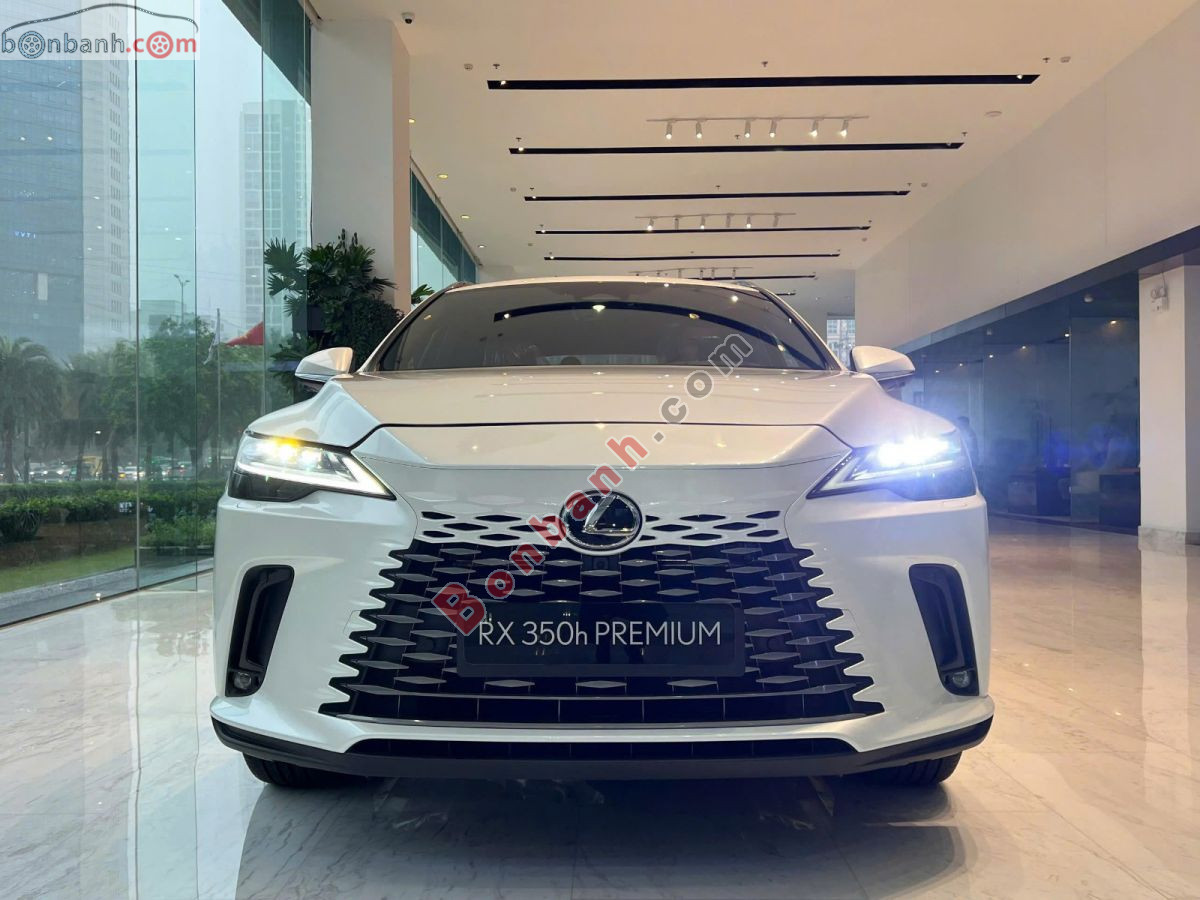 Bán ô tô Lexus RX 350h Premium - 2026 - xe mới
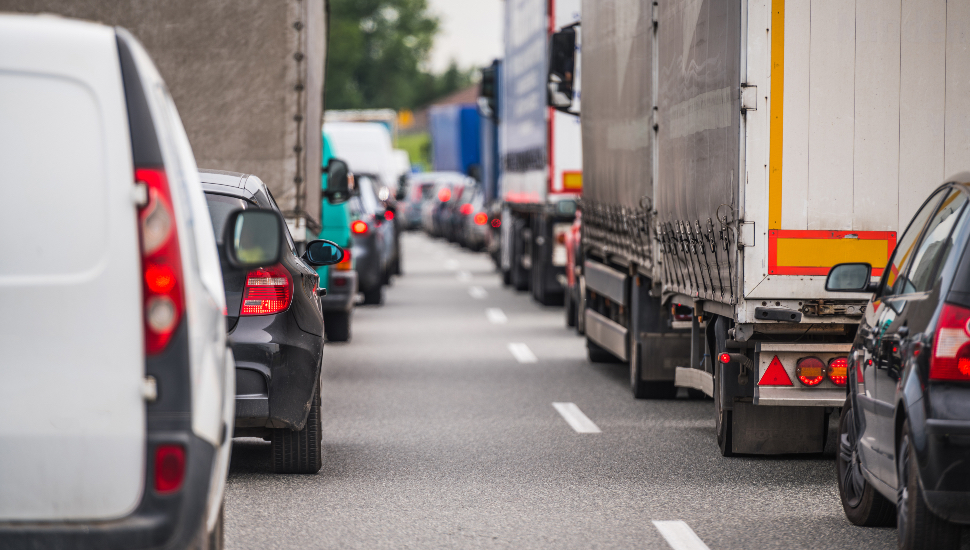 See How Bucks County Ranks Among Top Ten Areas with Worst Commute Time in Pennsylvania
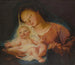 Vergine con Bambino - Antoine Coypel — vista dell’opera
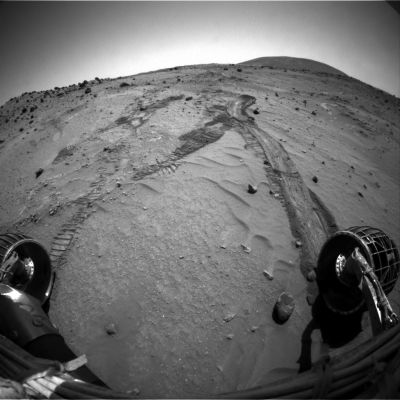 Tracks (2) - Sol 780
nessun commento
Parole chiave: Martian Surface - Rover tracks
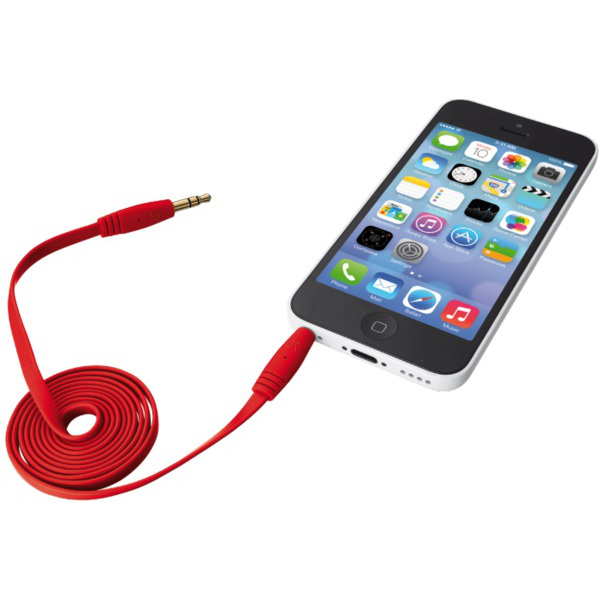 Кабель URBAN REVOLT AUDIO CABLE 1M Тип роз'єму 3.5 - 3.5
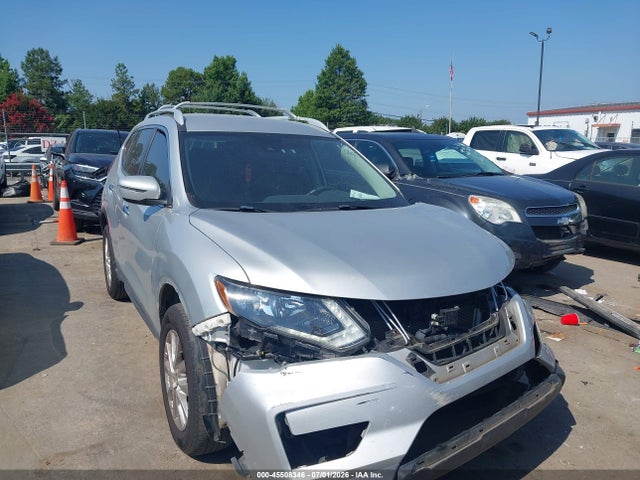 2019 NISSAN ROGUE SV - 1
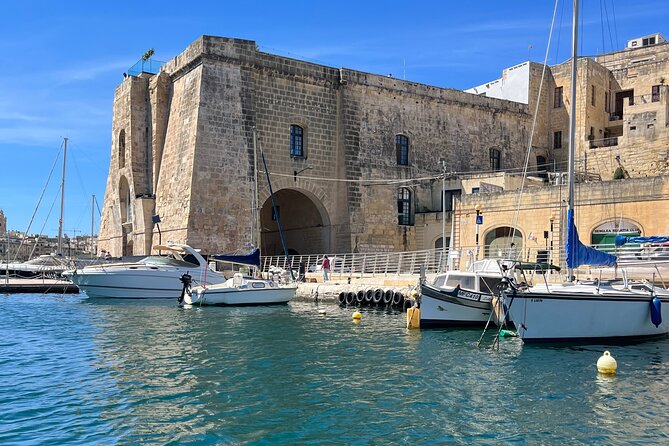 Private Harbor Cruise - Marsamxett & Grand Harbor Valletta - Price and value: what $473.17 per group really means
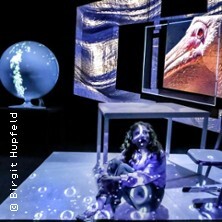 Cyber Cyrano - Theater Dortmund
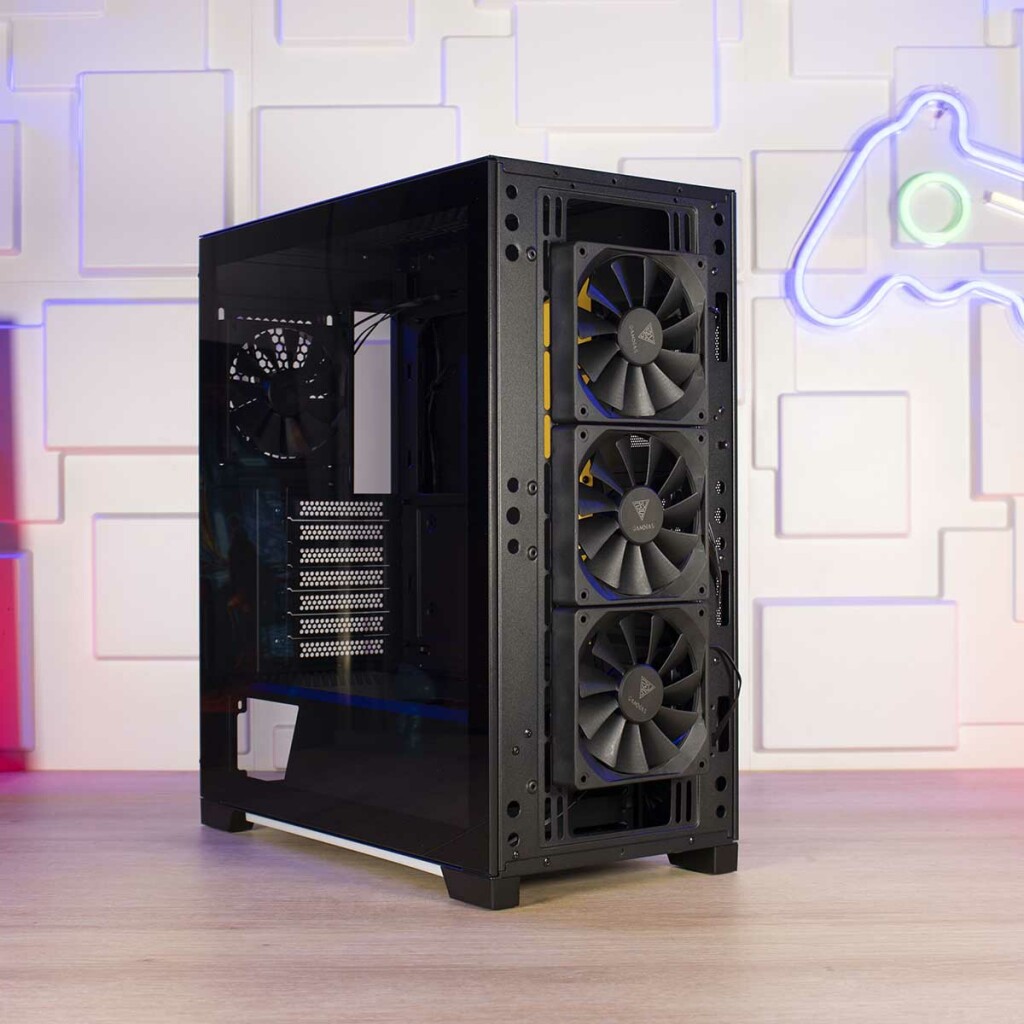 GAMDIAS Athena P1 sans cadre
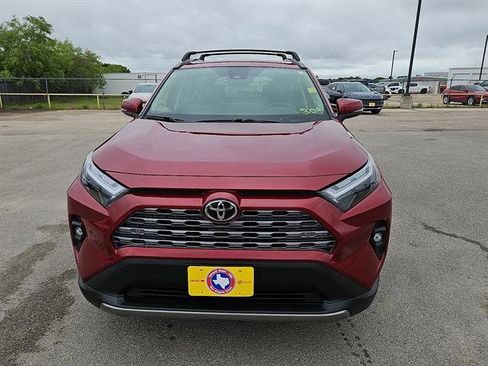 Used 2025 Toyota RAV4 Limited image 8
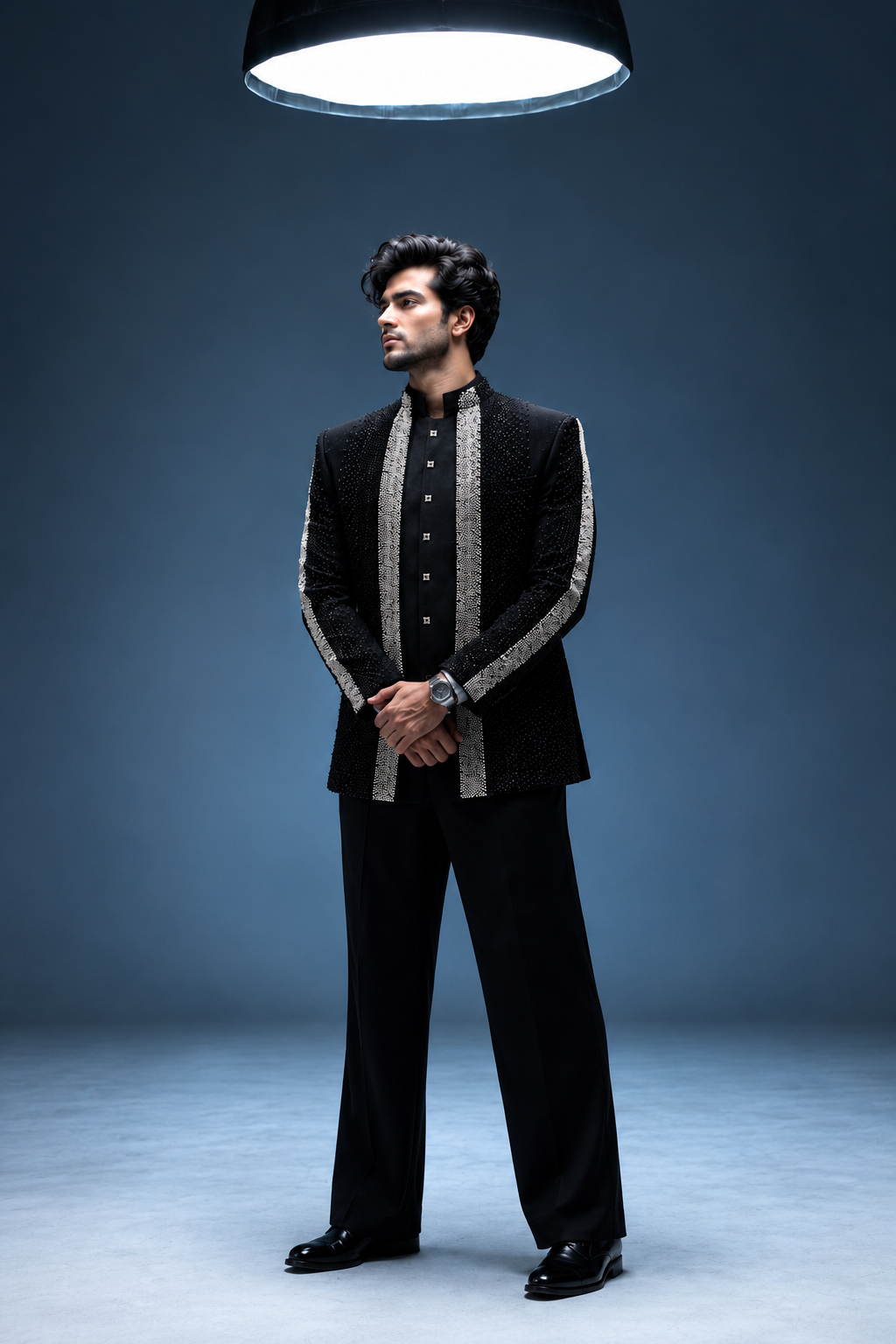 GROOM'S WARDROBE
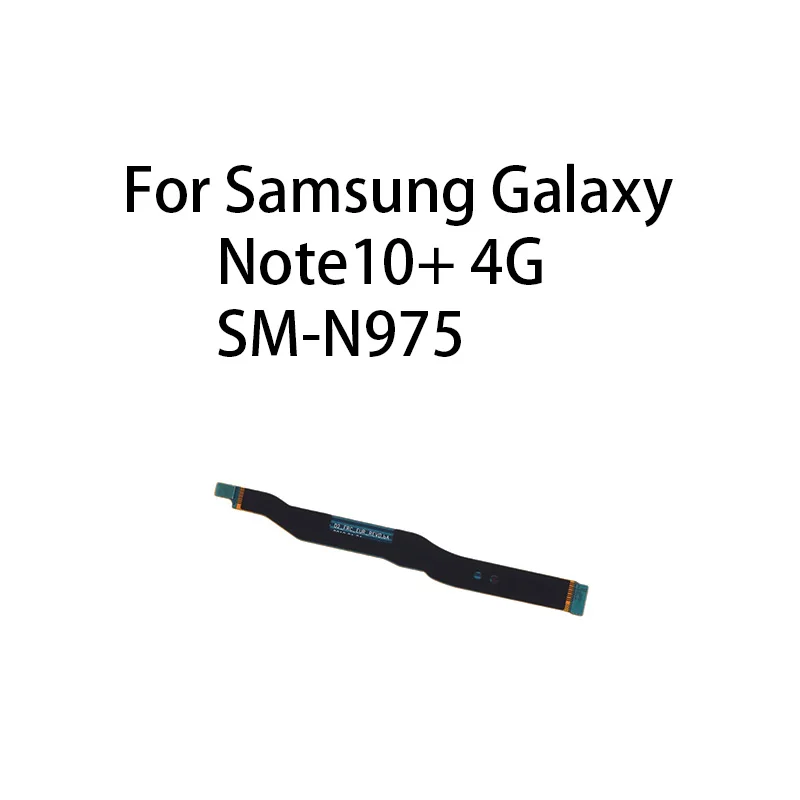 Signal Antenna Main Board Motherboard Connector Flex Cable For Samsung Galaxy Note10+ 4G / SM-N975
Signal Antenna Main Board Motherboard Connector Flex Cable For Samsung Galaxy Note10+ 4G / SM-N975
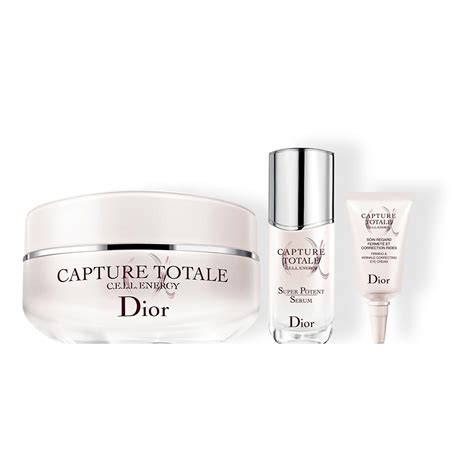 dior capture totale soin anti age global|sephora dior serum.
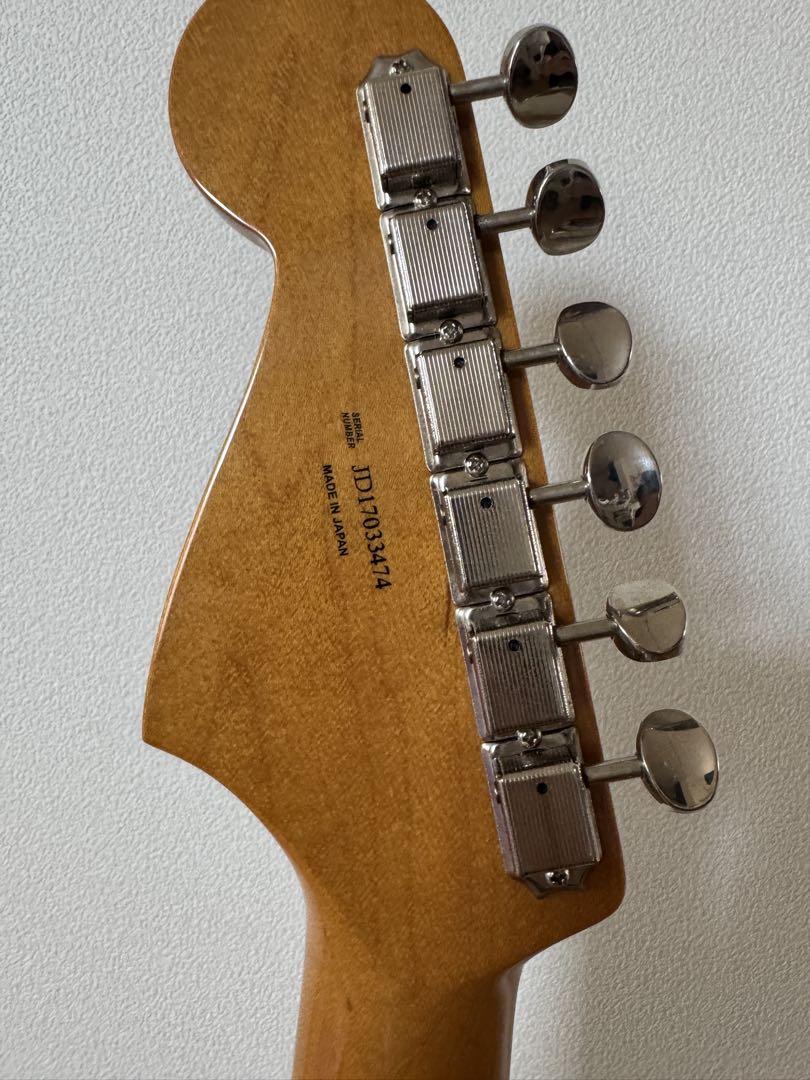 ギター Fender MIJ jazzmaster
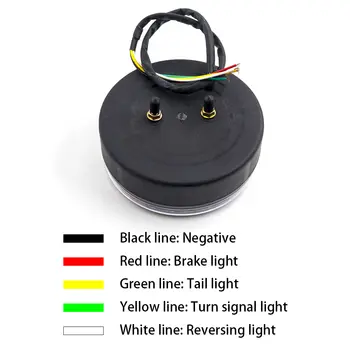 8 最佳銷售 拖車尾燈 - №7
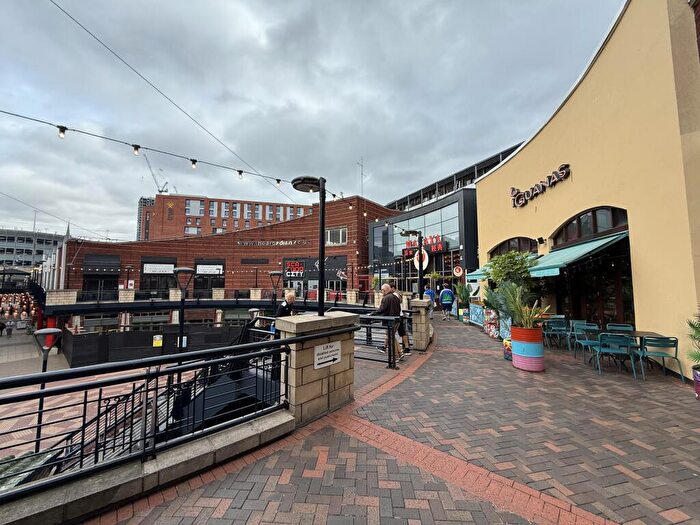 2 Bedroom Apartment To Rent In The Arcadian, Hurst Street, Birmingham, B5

++++

* **The task**:
Leaving out the pictures, return exactly the lines from the one that contains "nessun commento" through the last line of the records above, inclusive.

* **Result for this exercise**:
nessun commento
Parole chiave: Martian Surface - Rover tracks
 Кабель URBAN REVOLT AUDIO CABLE 1M Тип роз'єму 3.5 - 3.5
 2019 NISSAN ROGUE SV - 1
 Private Harbor Cruise - Marsamxett & Grand Harbor Valletta - Price and value: what $473.17 per group really means
 Cyber Cyrano - Theater Dortmund
 GAMDIAS Athena P1 sans cadre
 Used 2025 Toyota RAV4 Limited image 8
 GROOM'S WARDROBE
 Signal Antenna Main Board Motherboard Connector Flex Cable For Samsung Galaxy Note10+ 4G / SM-N975
Signal Antenna Main Board Motherboard Connector Flex Cable For Samsung Galaxy Note10+ 4G / SM-N975
 dior capture totale soin anti age global|sephora dior serum.
 ギター Fender MIJ jazzmaster
 8 最佳銷售 拖車尾燈 - №7
 2 Bedroom Apartment To Rent In The Arcadian, Hurst Street, Birmingham, B5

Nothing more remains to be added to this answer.